However, the research on the effects of reward on intrinsic motivation makes it clear how sensitive the experience of autonomy is to deficits of autonomy. Autonomy is uniquely about freedom from control, in that having the freedom to explore contingencies in the world, to attend to intrinsic experiences of action rather than having to attend to the controlling features of a situation, is, in a real sense, about the ability to have control over oneself. In fact, individuals who have greater needs for autonomy show somewhat greater ability to detect another's nonverbal displays in which affect and expression of dominance versus passivity are expressed; needs for power, in contrast, are uncorrelated with such skill (Marsh et al. 1999). Perhaps the nonverbal behavior of others is more informative to an individual with greater need for autonomy because the intentions of others might offer some threat to one's own freedom. Thus, considering autonomy within a context of control needs, and as potentially involving homeostatic processes (Pittman and Heller 1987), seems to have utility.
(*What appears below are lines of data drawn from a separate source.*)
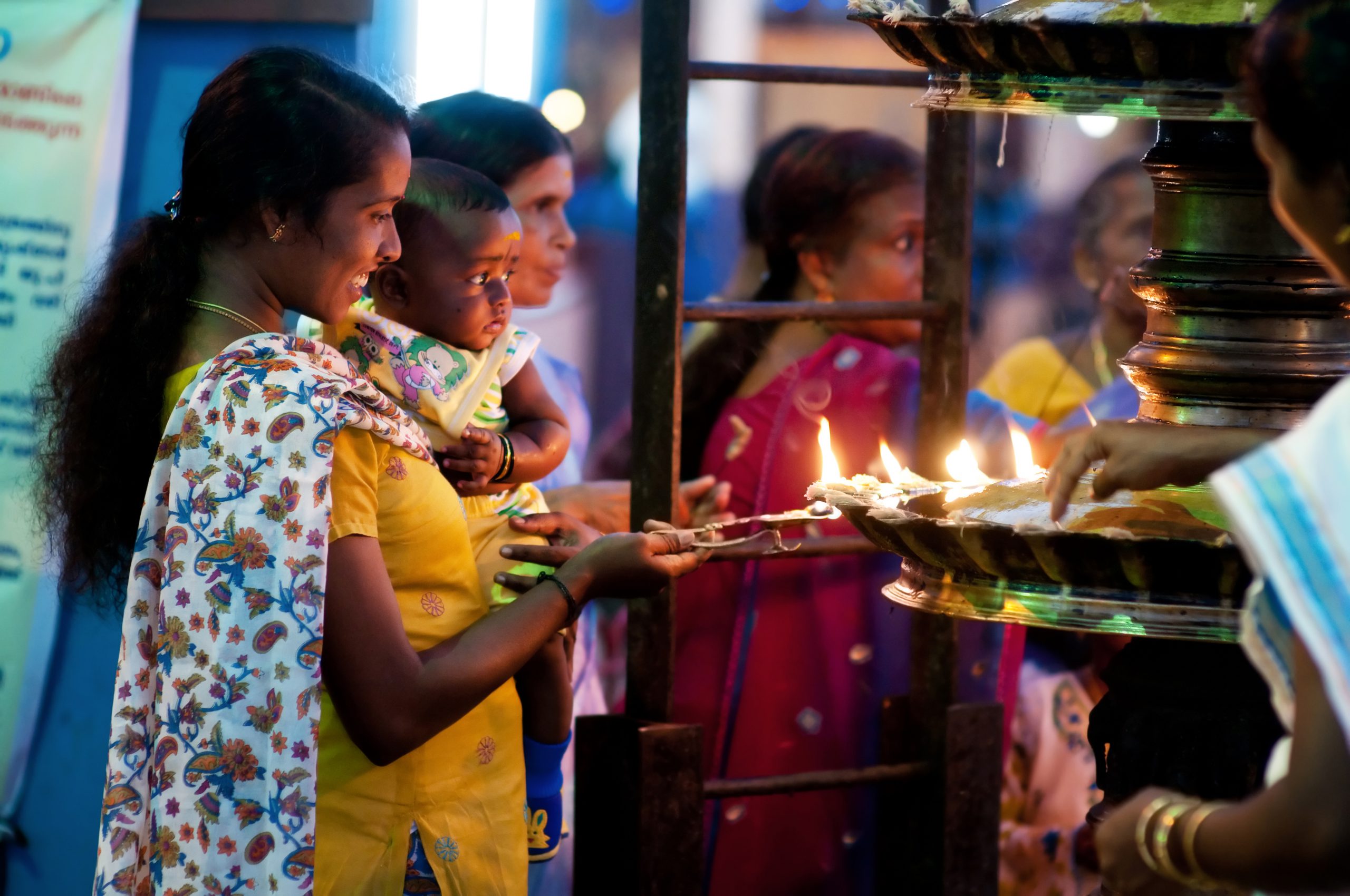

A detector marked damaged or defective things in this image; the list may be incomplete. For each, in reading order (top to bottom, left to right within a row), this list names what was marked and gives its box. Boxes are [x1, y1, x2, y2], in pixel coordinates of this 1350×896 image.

rusted metal frame [696, 59, 929, 88]
rusted metal frame [686, 300, 939, 322]
rusted metal frame [626, 0, 691, 723]
rusted metal frame [702, 534, 880, 564]
rusted metal frame [702, 761, 934, 798]
rusted metal frame [572, 712, 702, 896]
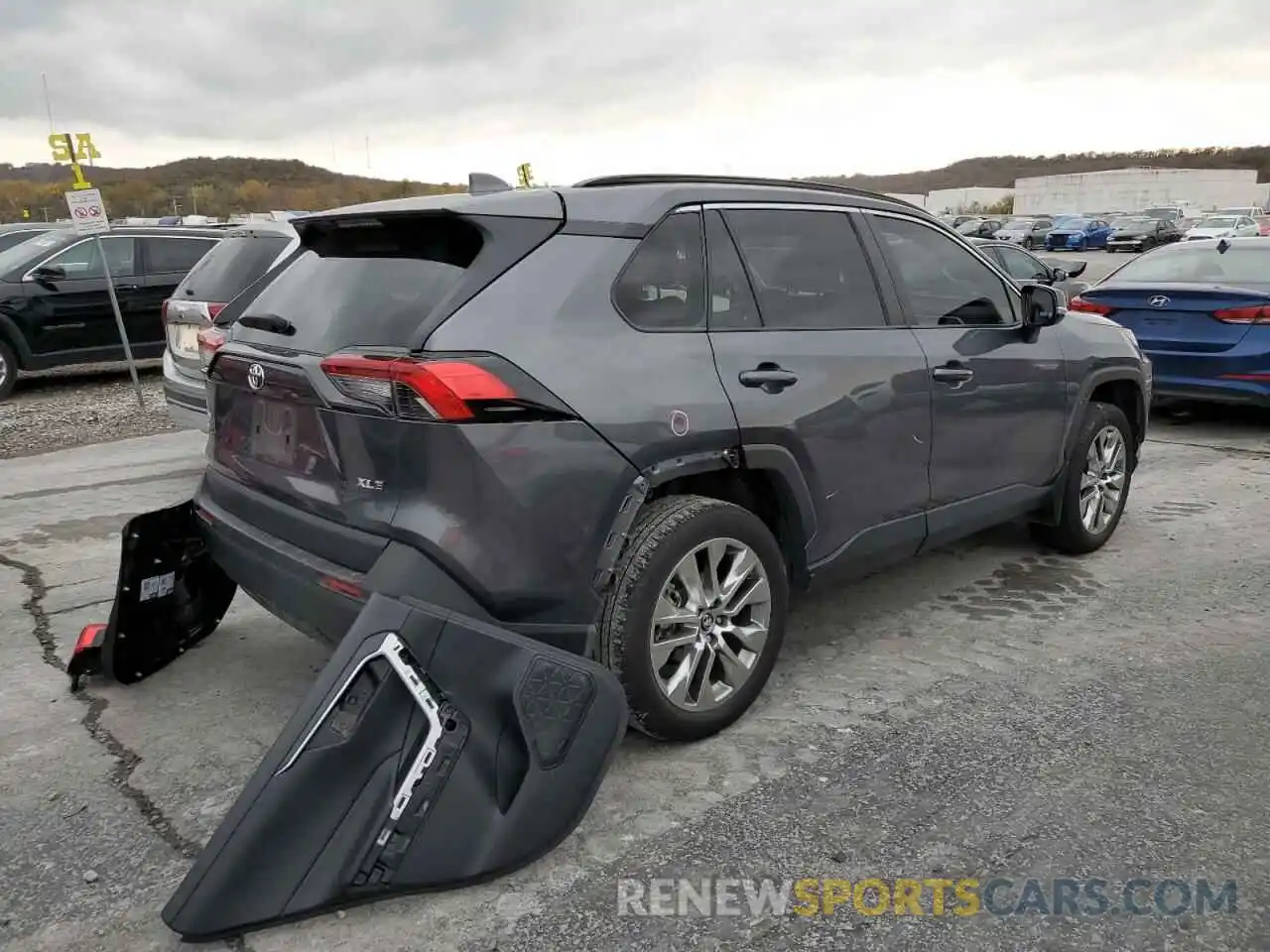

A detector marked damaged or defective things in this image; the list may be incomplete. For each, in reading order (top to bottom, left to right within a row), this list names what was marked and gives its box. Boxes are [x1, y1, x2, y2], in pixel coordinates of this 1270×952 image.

cracked pavement [0, 411, 1264, 952]
damaged gray suv [185, 175, 1153, 741]
exposed wheel well [650, 469, 808, 588]
detached door panel [700, 205, 929, 571]
exposed wheel well [1086, 378, 1148, 456]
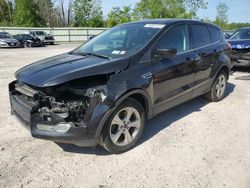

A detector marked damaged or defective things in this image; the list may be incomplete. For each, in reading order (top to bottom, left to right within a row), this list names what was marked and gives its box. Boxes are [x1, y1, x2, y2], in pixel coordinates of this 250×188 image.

crumpled hood [15, 52, 129, 87]
front bumper damage [8, 79, 112, 147]
damaged front end [9, 75, 113, 146]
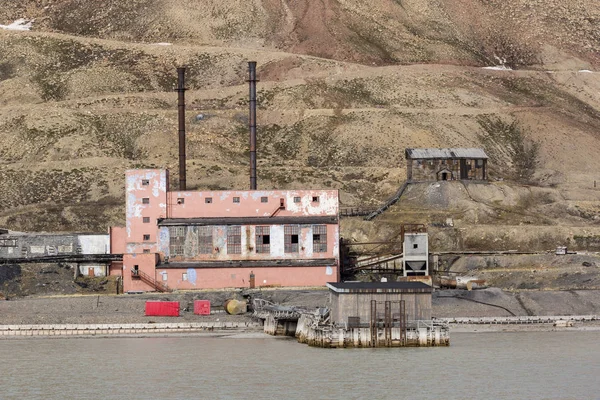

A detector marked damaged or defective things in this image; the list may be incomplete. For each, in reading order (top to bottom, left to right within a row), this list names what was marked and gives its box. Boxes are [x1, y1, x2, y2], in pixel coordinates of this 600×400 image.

broken window [169, 227, 185, 255]
broken window [282, 225, 298, 253]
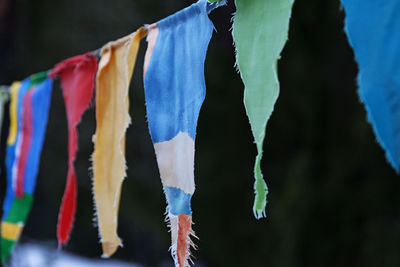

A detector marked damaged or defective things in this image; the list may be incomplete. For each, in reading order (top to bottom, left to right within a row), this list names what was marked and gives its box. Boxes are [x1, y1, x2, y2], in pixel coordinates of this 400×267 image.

torn cloth strip [0, 74, 53, 262]
torn cloth strip [49, 53, 98, 248]
torn cloth strip [93, 26, 148, 258]
torn cloth strip [144, 1, 225, 266]
torn cloth strip [233, 0, 296, 219]
torn cloth strip [340, 0, 400, 172]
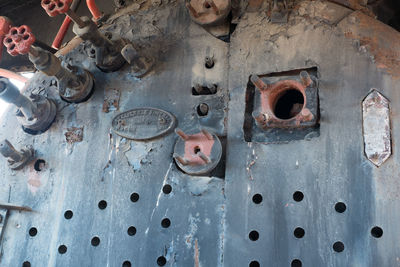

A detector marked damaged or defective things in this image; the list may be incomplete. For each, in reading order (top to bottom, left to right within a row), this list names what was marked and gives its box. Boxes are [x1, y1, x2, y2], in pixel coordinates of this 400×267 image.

red rusty flange [41, 0, 72, 16]
red rusty flange [3, 25, 35, 56]
rust stain [340, 11, 400, 79]
peeling paint patch [102, 88, 119, 112]
rusted pipe opening [274, 89, 304, 120]
rust stain [64, 127, 84, 144]
peeling paint patch [65, 127, 83, 144]
oval plate with rusty edge [111, 108, 176, 141]
rusty metal plate [111, 108, 176, 141]
corroded metal surface [362, 90, 390, 166]
rusty metal plate [362, 89, 390, 168]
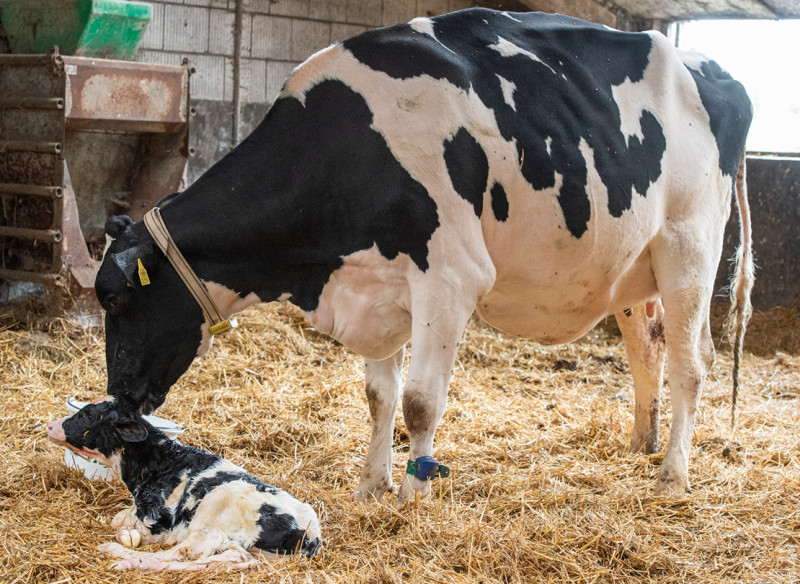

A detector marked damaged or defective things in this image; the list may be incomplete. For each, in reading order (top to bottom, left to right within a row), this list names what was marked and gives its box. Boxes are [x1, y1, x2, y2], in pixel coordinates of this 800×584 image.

rusty metal trough [0, 46, 189, 292]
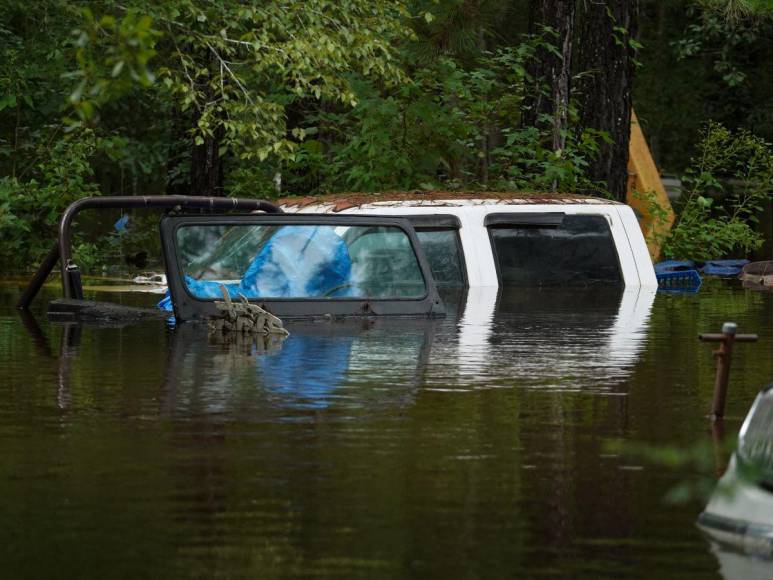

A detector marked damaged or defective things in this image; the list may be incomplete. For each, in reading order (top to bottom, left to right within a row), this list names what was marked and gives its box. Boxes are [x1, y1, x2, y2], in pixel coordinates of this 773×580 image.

rusty metal post [696, 322, 756, 422]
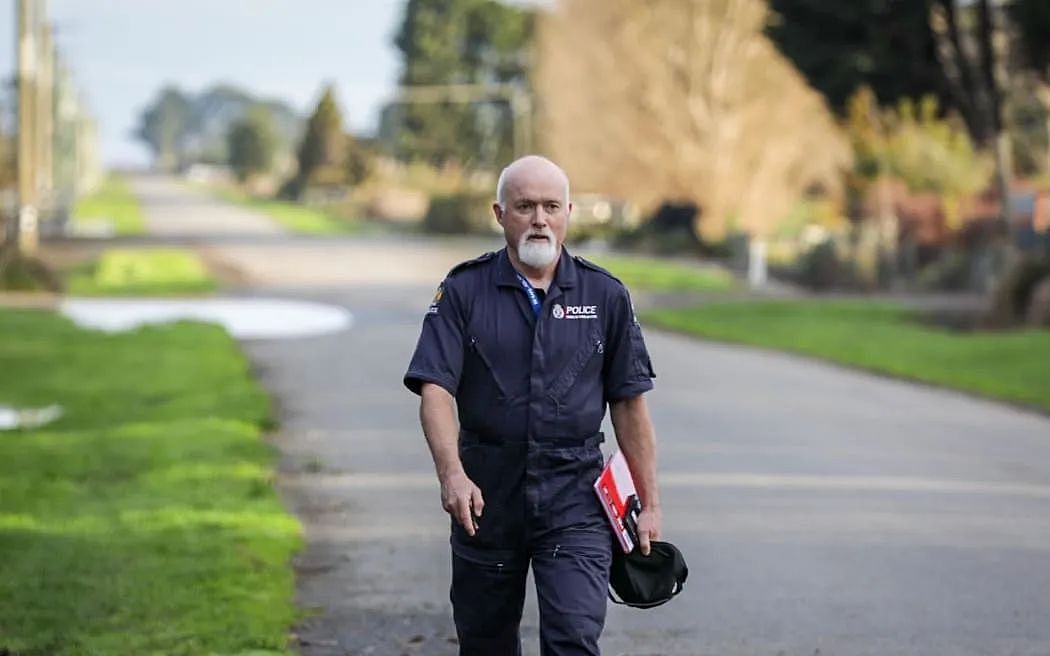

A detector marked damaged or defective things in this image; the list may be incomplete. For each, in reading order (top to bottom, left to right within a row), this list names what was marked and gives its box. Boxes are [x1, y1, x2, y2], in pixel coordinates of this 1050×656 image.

In general, though, understanding autonomy and its relationship to different domains of control needs, and understanding the effects of loss of autonomy, seem to be important factors not yet fully explored by social scientists. In particular, many of the cognitive processes that have been explored with loss of control in mastery domains have been less frequently explored in the domain of autonomy. Control motivation research demonstrates that individuals have strong tendencies toward biased perceptions that events are under their personal control, and that cognitive processes function to help maintain such biases. The extent to which autonomy-based action is similarly mediated by biased cognitive processes suggests important questions for future study.

Perhaps the most fundamental question not addressed in current research on autonomy harkens back to personality theorists' beliefs that autonomy motives should be understood as standing in perpetual intrapsychic conflict with the need of the individual for surrender and communion with others. If such forces operate independently of one another, separate theories for autonomy and control and for belongingness processes are reasonable. On the other hand, early theorists may be correct in the belief that the desire for autonomy, control, and independence act in a continual creative conflict with the individual's desire for social acceptance, integration, and union. From such a perspective, the tension may result in emergent phenomena not otherwise predicted by considering the needs independently of one another. Reexamining this dynamic tension may provide a useful next direction for developing a more complete picture of the impact of autonomy needs on the individual and on his or her connection with other individuals, important social groups, and society.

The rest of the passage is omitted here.